How do we handle that? The literature is full of examples of how to model this. Typically, we are going to assume that these failure mechanisms operate independently. You can think of the mechanisms as all competing with one another to cause failure. When they act independently, that means they're not looking over their shoulder to see what the other mechanisms are doing and then making an adjustment. They just stay in their lane, and they do the best they can to cause failure first.

How do we do the analysis then? We do the analysis... If we want to analyze the results from, say, one particular failure mode, if we assume independence, we can treat all the other failure times for other modes as censored.

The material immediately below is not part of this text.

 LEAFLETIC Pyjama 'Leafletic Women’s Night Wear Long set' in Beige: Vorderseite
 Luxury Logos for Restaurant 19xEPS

What does censored mean when I talk about censoring? Here's an event plot demonstrating what this means. Let's suppose I have three parts on test, and part number one is going along for, say, 10 hours, and after 10 hours, it fails. Then part number two is going along, and it goes along fine for a little bit longer and then at 15 hours, it fails. Then there's part number three. At part number three, we get up to 20 hours, and maybe we have to stop the test or something, but it doesn't fail. Now, it would have failed if we had kept going, but we didn't keep going. We had to stop the test. It turns out there is information in that. We don't want to just exclude this data point or pretend it failed at a different time. There is a little bit of math behind this, but JMP does all the heavy lifting for you. If you have a censored data point, you should use it, and it can help you make your estimates.

In the talk I'm going to give today here, I'm going to assume that we have two active failure modes, and they're both independent, and they both have log-normal failure times. As a reliability engineer, we have to come up with a figure of merit, something we care about. When I was in the industry, a common figure of merit was the median time to failure. That's the time for 50% of your population to fail.

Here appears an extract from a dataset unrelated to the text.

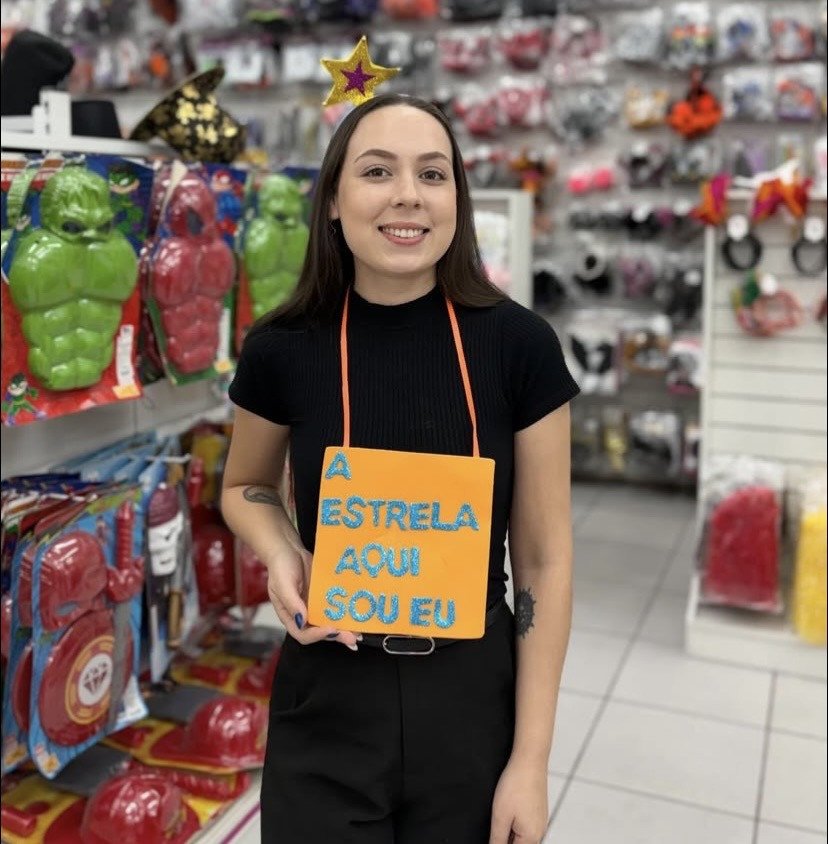 Placa a estrela aqui sou eu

I was never a big fan of using the median time to failure. Imagine if you have parts in the field and you have a 50% failure rate, that's pretty bad. You want to know the time to something much smaller, maybe time to 10% failure or the time to 1% failure. I think an even better metric than that is to use the probability of failure. I want to be able to make a claim like, "I think that the field failure rate is going to be a half percent in 5 years," something like that.

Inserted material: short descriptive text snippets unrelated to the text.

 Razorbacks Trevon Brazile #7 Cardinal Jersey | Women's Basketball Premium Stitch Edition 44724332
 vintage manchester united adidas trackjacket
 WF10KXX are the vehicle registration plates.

Now, there's an old expression in statistics, and that is, "Nothing lies like an average." If I take an average of a sample, I have to understand there is some uncertainty in that estimate, and I acknowledge it using confidence bounds. The same is going to be true if I make a prediction of what the field failure rate is. If I say the field failure rate is 0.5%, 0.5% plus or minus what? That's where confidence bounds come into play. I'm going to use the upper confidence bound on the probability of failure as my metric because this way it's going to give me an estimate. It's a little bit more conservative, but it's more conservative in a rational way. I'm not making some arbitrary choice of what my upper bound is or what my metric is. I'm going to use the upper 95% confidence bound on the probability of failure.

I'm going to give a little background here just so we're all on the same page. I want to define a few things. I'm going to talk about F, and F is the probability of failure, and R is its complement. R is 1 minus F, and that's just the reliability. I'm also going to be discussing two failure modes, A and B. These are arbitrary, so I'm just giving them a label, A and B. It doesn't matter what they are. Now, if I have both modes operating and both can cause failure, I'm going to have an overall probability of failure. I'm going to call that Ftot. That's for when both mechanisms are operating. And so naturally, I'm going to have an Rtot as well, 1 minus Ftot.

The key to analyzing the data here is that we're going to use an approach that mimics that of two independent components in series. Let's suppose I have two components. I could have two circuits or two engines or whatever, and they're operating in series. What that means is if one fails, the entire system is said to fail. In that case, if I can assume independence, the overall reliability of my system is equal to the product of the individual reliabilities. Since I know that R is equal to 1 minus F, I can back out what the overall probability of failure is for both mechanisms, and that's given by this expression here.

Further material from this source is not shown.